You open your book with the 2011 election in Los Angeles when only 12 percent of registered voters went to the polls. How can you expect digital tools change that level of citizen apathy?

It is not just e-government and online efficiency. It is a new distribution of decision making, collaboration, active participation, and citizen engagement. A whole generation of folks who have grown up as digital natives are also the generation of choice, the participation generation. Their expectations of service are different than digital immigrants like myself, who are used to a professor student model, the broadcast model. You have to be customized not standardized. Half a billion people are spending time on online games. The typical young person spends more time each year on online games than in the classroom. How can we harness that energy, not just for Angry Birds but for a Citizenville app for democracy?

Watch Newsom's Friday appearance on the Colbert Report here.

Watch Newsom's Friday appearance on the Colbert Report here.

That's the whole question. A government app isn't going to exactly be cool. Will people actual use it?

We are virtually farming and spending billions of dollars on virtual goods. A few years ago, no one would say that you could make people do that. In Manor, Texas they've created a virtual point system with Innobucks and are recognizing how to translate them into offline real life benefits. If we can make it fun and use civic currency and develop civic software, we can take the lessons from these brilliant geniuses who are advancing gaming, and apply it to democracy.

Part of your proposed Citizenville app involves people spending real money to improve their neighborhoods, instead of spending real money to build their virtual farms. Won't that just translate into greater disparity as rich people pay for improvements in their own neighborhoods?

It isn't just financial capital. It is human capital and the spirit of engagement. It isn't just about spending money but expressing one's point of view. It is people's desire to have their self worth recognized. It is the latent desire we all have to improve our neighborhoods.

You have been criticized for having big ideas but little follow through as mayor.

I'd like to know what those ideas were.

Take city-wide Wi-Fi for example.

That effort was a done deal and was tripped up by the board of supervisors. There was real nobility in the effort. And it raised the bar of consciousness on the issue. There is wifi in public housing which didn't get the same press attention.

What about the Connected Bus pilot program offering free Wi-Fi on public buses? It seems particularly symbolic given the digital divide epitomized by the city's public transportation versus tech company buses with wifi.

The demonstration of the pilot was a big success. John [Chambers] at Cisco used San Francisco as a way to play around with the idea of a connected bus and people had fun with it. It just went to the spirit of being willing to try new things.
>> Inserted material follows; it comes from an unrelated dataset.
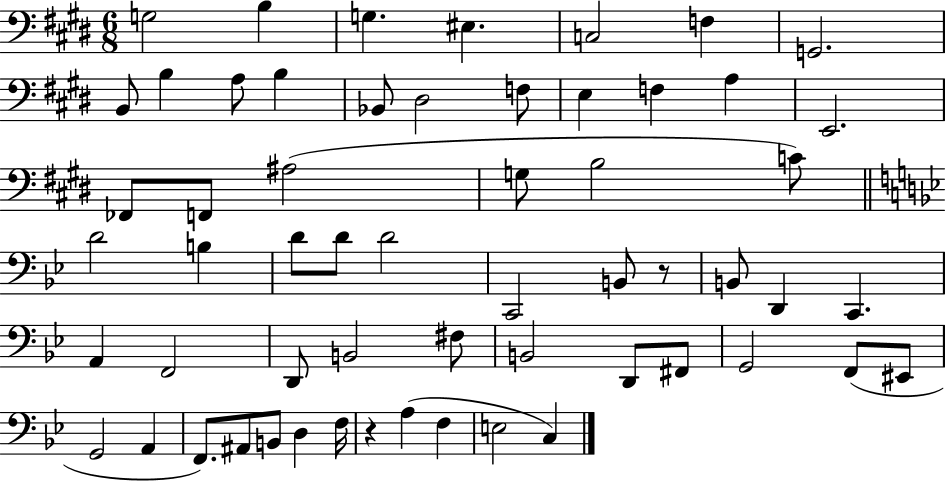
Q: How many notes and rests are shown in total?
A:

There was no intention of it rolling out. When you are willing try new things, it will attract like-minded people. We were a laboratory of innovation. There is trial and error in this. It's learning from those initiatives. Some things took shape and some fell short, but even if the technology didn't come through, it set an attitude that we can do this.
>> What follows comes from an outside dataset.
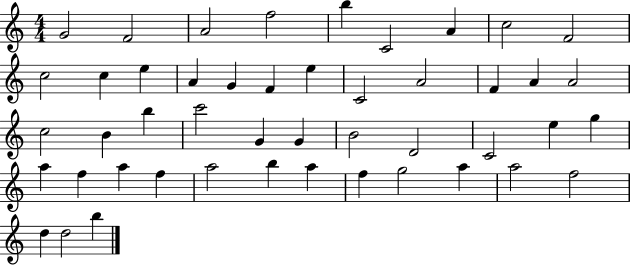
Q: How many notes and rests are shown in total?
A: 47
You proposed the Citizenville Challenge to people across the country to implement digital changes in their government. Have any cities taken on the challenge?
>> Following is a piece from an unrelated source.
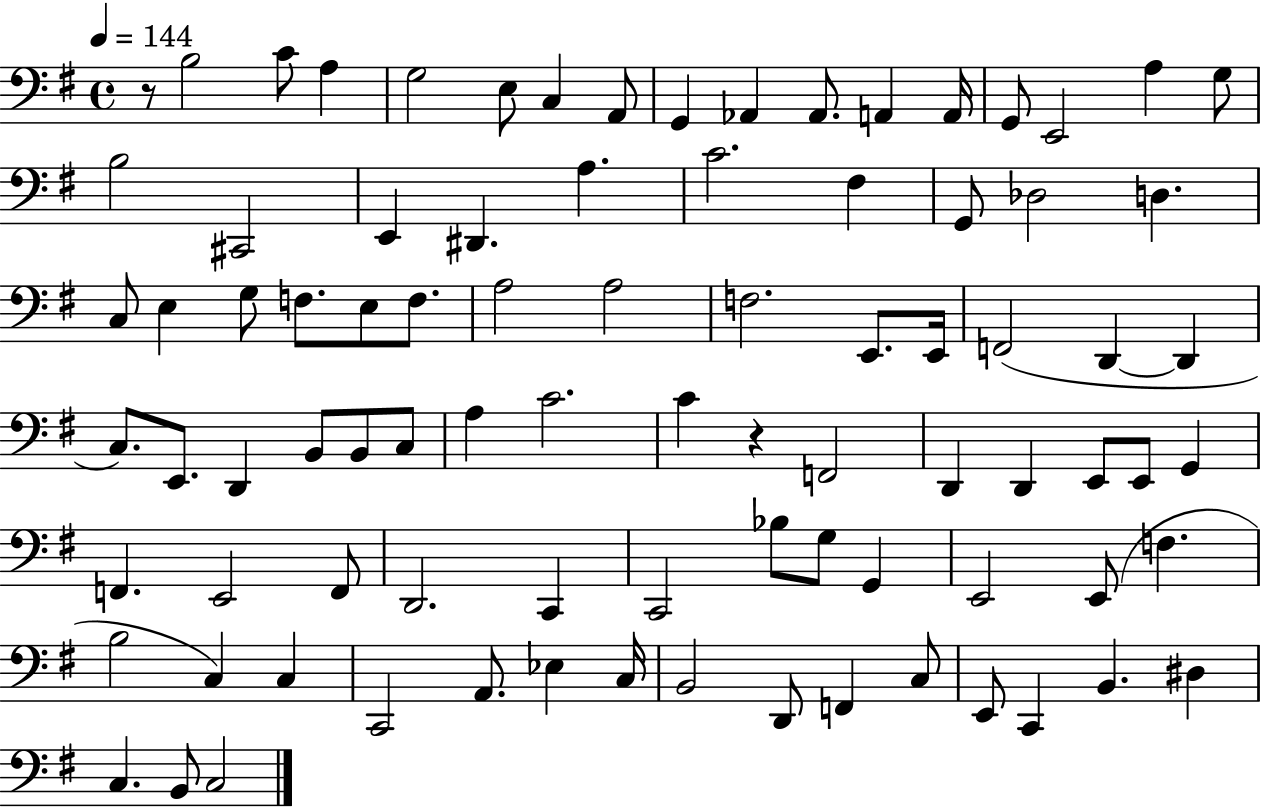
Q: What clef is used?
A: bass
Dozens of them. Austin, Fresno, Philadelphia. I'm meeting with Philadelphia Mayor Michael Nutter, the president of the United States Conference of Mayors, tomorrow to announce that we are asking all mayors to take the challenge.

I have to ask, are you running for governor?

There is nothing worse than a politician who gives the pat answer to that. It is fairly clear to people who know me that I have an executive bias and entrepreneurial energy, and I can't imagine a more extraordinary place to advance this platform. So, yes. I would love to if given that opportunity, but politics being what it is, it is all about the timing.